Avec une théorie critique du léninisme, de sa stratégie révolutionnaire autoritaire, de son opportunisme théorique comme pratique, et enfin de sa politique de noyautage des soviets, des syndicats et des conseils d’usines [1ère partie, 30 minutes]

Avec une théorie critique du capitalisme d’Etat comme idéal pragmatique de Lénine, du centralisme bolchévique, de son scientisme et de sa logique d’élimination des oppositions en-dehors et au sein du parti [2ème partie, 40 minutes]

Liens

L’autre émission au sujet de 1917
http://sortirducapitalisme.fr/240-revolution-et-contre-revolution-en-russie-en-1917-avec-alexandre-skirda

Les notes de lecture au sujet de 1917 et du bolchévisme
http://sortirducapitalisme.fr/notes-de-lecture/225-otto-ruhle-la-revolution-n-est-pas-une-affaire-de-parti

http://sortirducapitalisme.fr/notes-de-lecture/227-voline-la-revolution-russe
Autres émissions

http://sortirducapitalisme.fr/156-un-siecle-apres-l-affrontement-inter-capitaliste-une-histoire-du-mouvement-revolutionnaire-1881-1914-avec-guillaume-davranche

Les bolchéviques

« À l’ordre du jour s’inscrivent en particulier les mesures à prendre pour renforcer la discipline et accroître la productivité du travail. […] Il s’agit, par exemple, d’introduire le salaire aux pièces, d’appliquer les nombreux éléments scientifiques et progressifs que contient le système Taylor […] La soumission pendant le travail, et une soumission absolue aux ordres personnels des dirigeants soviétiques, dictateurs élus ou nommés par les institutions soviétiques, investis de pleins pouvoirs dictatoriaux […], est assurée d’une façon encore insuffisante » (Lénine, Œuvres, tome 27, pp. 329-330, cité dans Skirda 2000, p. 88)
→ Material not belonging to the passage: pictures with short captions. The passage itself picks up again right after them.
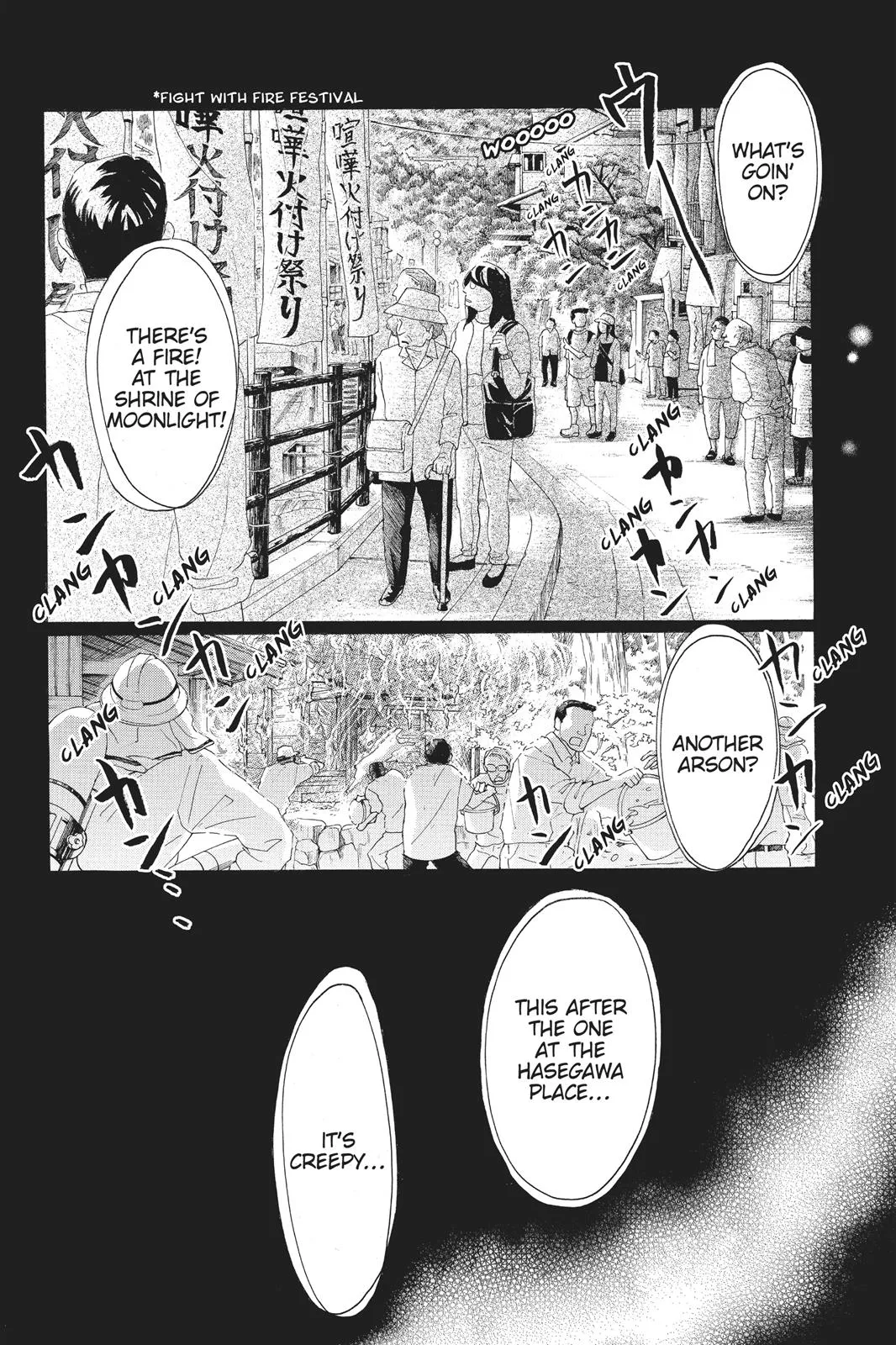 Read Drowning Love (en) Manga Online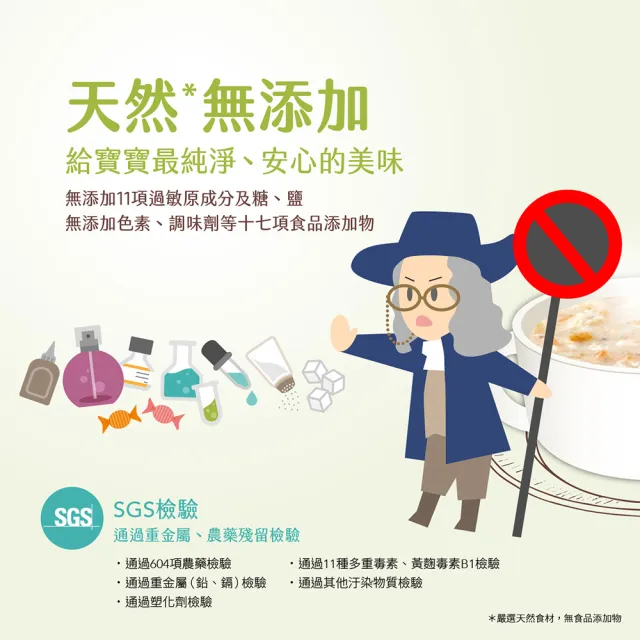 【QUAKER 桂格】無添加寶寶粥任選 150gx4包/盒(鮭魚鮮蔬/牛肉番茄/干貝雞肉/海陸饗宴)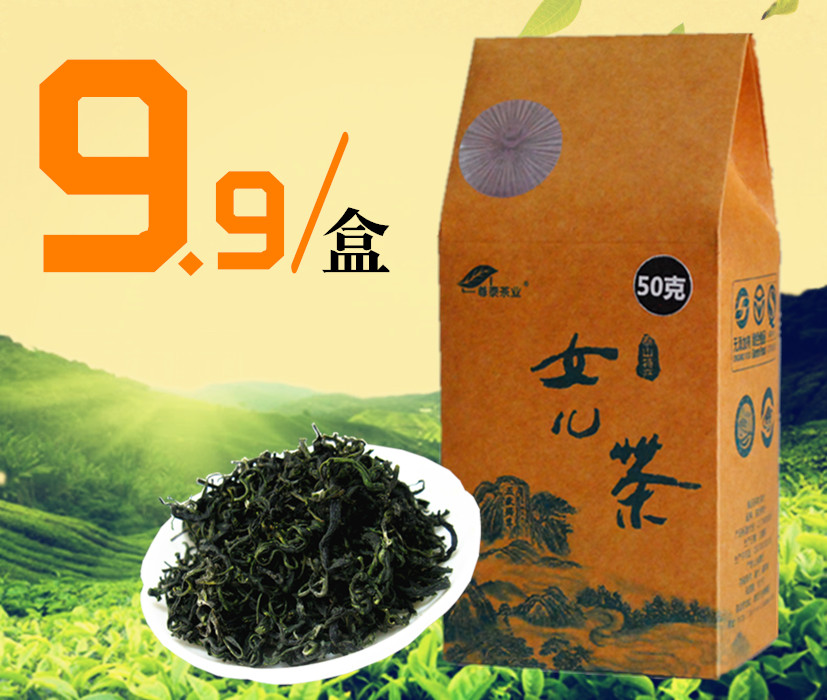 泰山特产/女儿茶/绿茶/50g 2018新茶盒装礼盒两盒包邮春茶在类目 茶, 绿茶(新), 其它绿茶中 - 来自Buy2taobao.com提供专业的淘宝代购服务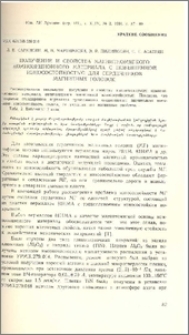 Получение и свойства магнитномягкого композиционного материала с повышенной износостойкостью для сердечников магнитных головок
« Qu’est-ce que le capitalisme d’Etat sous le pouvoir des soviets ? Etablir à présent le capitalisme d’Etat, c’est appliquer le recensement et le contrôle qu’appliquaient les classes capitalistes […] L’Allemagne nous offre un modèle de capitalisme d’Etat […] Mais si vous réfléchissez un tant soit peu à ce que signifierait en Russie, dans la Russie des soviets, la réalisation des bases de ce capitalisme d’Etat, quiconque a gardé son bon sens […] devra dire que le capitalisme d’Etat serait pour nous le salut » (Lénine, Œuvres, tome 27, p. 305, cité dans Skirda 2000, p. 90).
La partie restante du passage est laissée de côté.